After years of waiting and praying, and living in the shadows, being granted what’s called ‘limited leave to remain’ meant I was finally free to work, to make the most of opportunities. I could feel secure, without the fear that the person knocking on our door was here to remove me from the only place I have ever known as home.
At last, we could start the hard work of getting back on our feet. Or so I thought.
In all the relief I felt, it took a while for me to realise that living with LLR was not so different from living without any status. My family still lives in fear.
Before our status can be made permanent, we have to navigate our way through a 10-year immigration application process, that seems designed to trip us up. We will have to make four further, precisely-timed, applications to the Home Office, and pay over £8,000 in fees for each of the four of us.
For a family already struggling to make ends meet, this feels like we are being set up to fail; particularly, when you consider that the actual cost to the Home Office for processing applications is just £343 – with the rest of the £993 fee being profit for the government. It is government policy to increase fees every year, and they often give very little notice of the higher amount.
After years of being unable to work, while the Home Office considered our case, it was very difficult for my mum to get back into the job market. The only work she can find is low paid. Every spare penny after bills and essentials are paid, goes towards saving up to renew our LLR when it expires. This means I can’t go out with friends or go on school trips, or afford to just simply be a normal teenager. When we made our application, my family had managed to save up the £811 for each of us (we were lucky to avoid the overnight price hike to £993 that happened the next month), plus the £500-each NHS surcharge. However, we couldn’t afford to hire a lawyer to make our application for us. With legal aid having been taken away, no charity organisation we contacted would help us as we were not considered “destitute” enough, even though we were really struggling.
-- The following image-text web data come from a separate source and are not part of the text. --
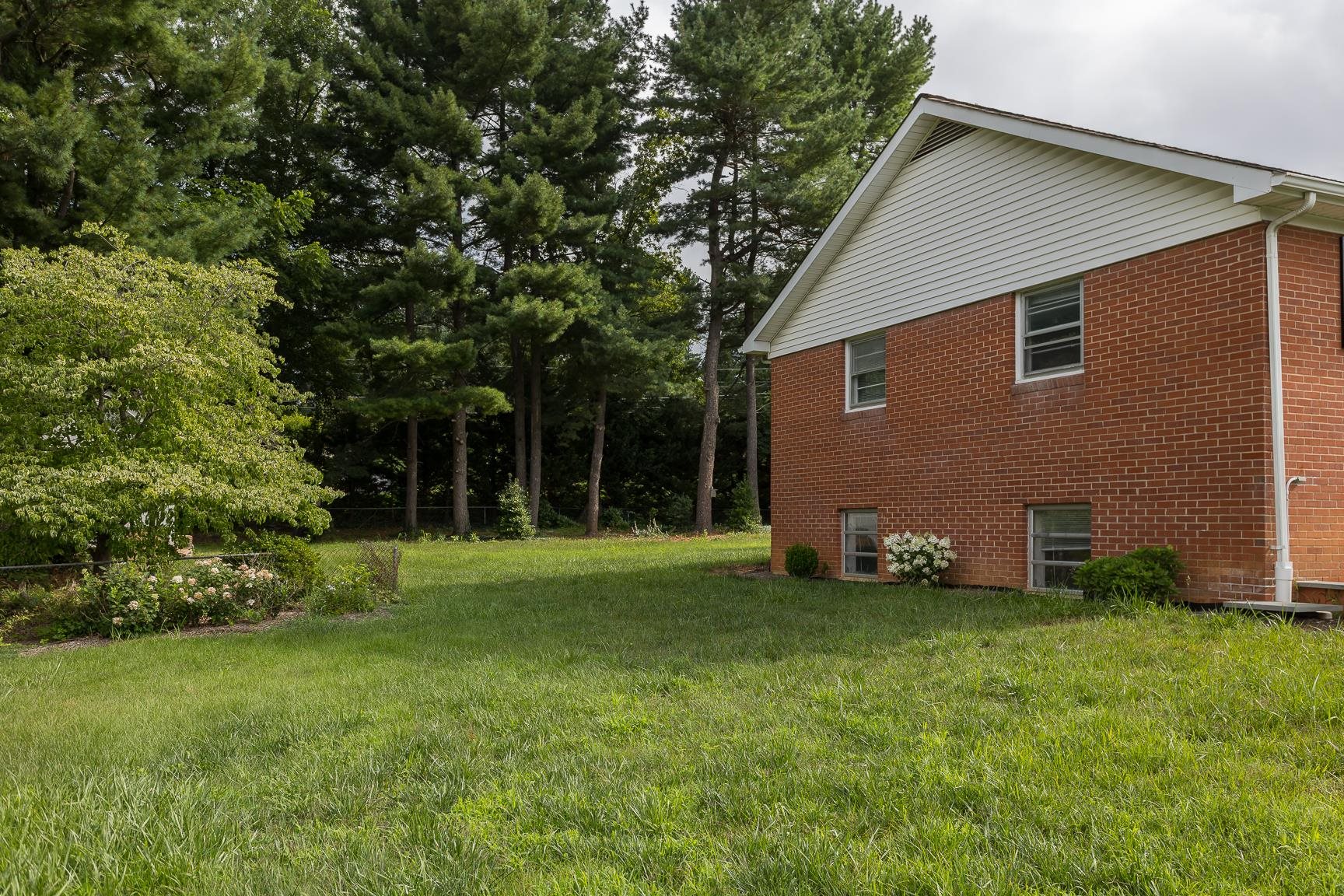 871 Kent Road Waynesboro, VA 22980 - Photo 54 of 64 Gallery Image 54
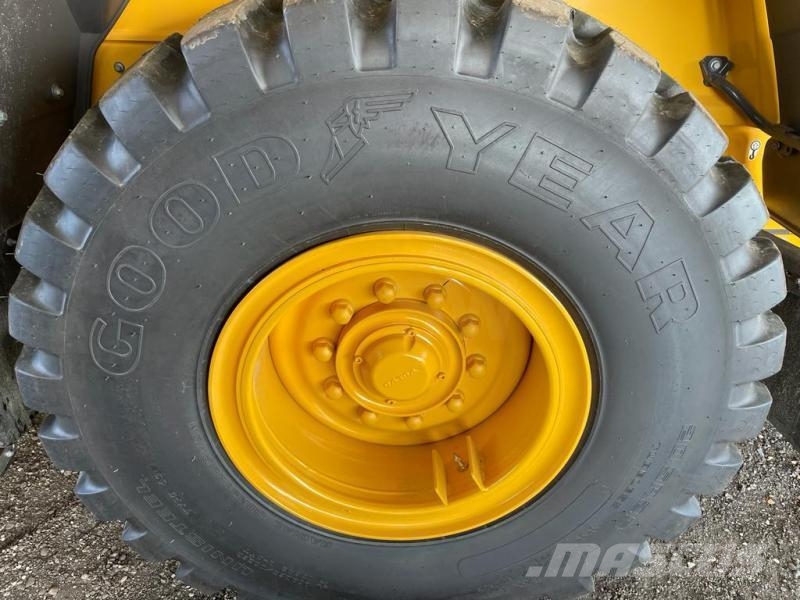 Volvo L60H Колесни товарачи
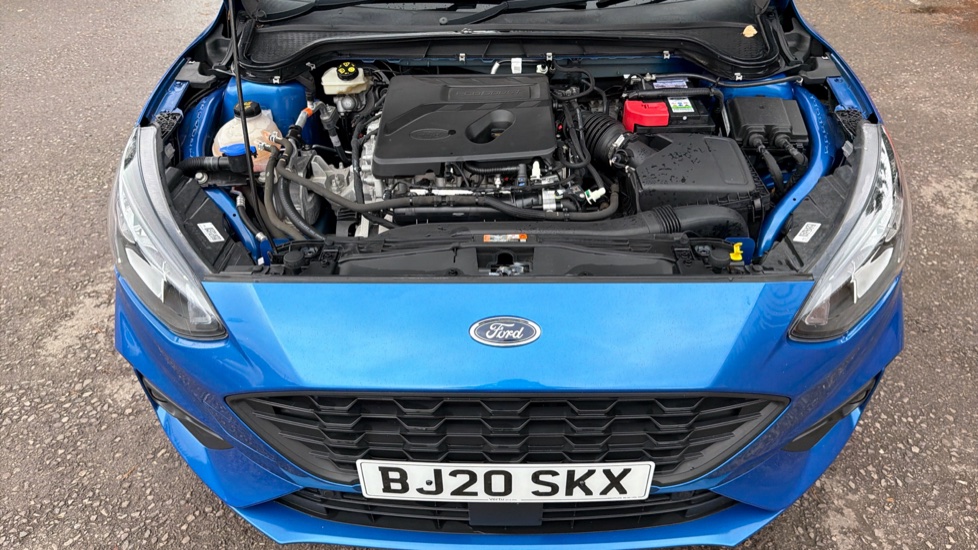 Ford Focus 1.5 EcoBoost 182 ST-Line X 5dr Auto Petrol Hatchback - Image 8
We were faced with having to fill out the 63-ish pages of a scary-looking application form for all four of us on our own. For a month, my mum and I worked through the application, collecting evidence and having the occasional moment of panic, worrying if we were doing this right. We couldn’t afford a lawyer to do the whole process, but we saved enough to pay for two legal appointments: one, at the beginning, where a solicitor explained the form to us; and then a session at the end, where she looked though the application and cleared up any last minute questions or problems we faced.
To be honest, having had a bad experience in the past with lawyers giving out wrong advice, I felt good about being in charge of our application. At least to an extent, I understood what was going on and didn’t feel in the dark anymore. However, this control meant a frightening amount of responsibility for my family’s future landed on my shoulders. If something was wrong with the application, it would feel like my fault. I’m constantly stressed and panicked, praying that I have done everything right.
The worst part is that I can’t really talk to anyone about it, because they wouldn’t understand why I am so stressed. Having lived for years without any status, and then experienced the relief that comes with being granted LLR, the thought that I could lose it again – and, with it, all the plans I’ve made, like going to university – because of a mistake on a form, is just heart-breaking.
Knowing I will have to do this again every two and a half years, is my daunting and nerve-racking reality. I am already starting to think about going through process again and we are saving hard for our next renewal, even though we don’t know how much it’s going to cost.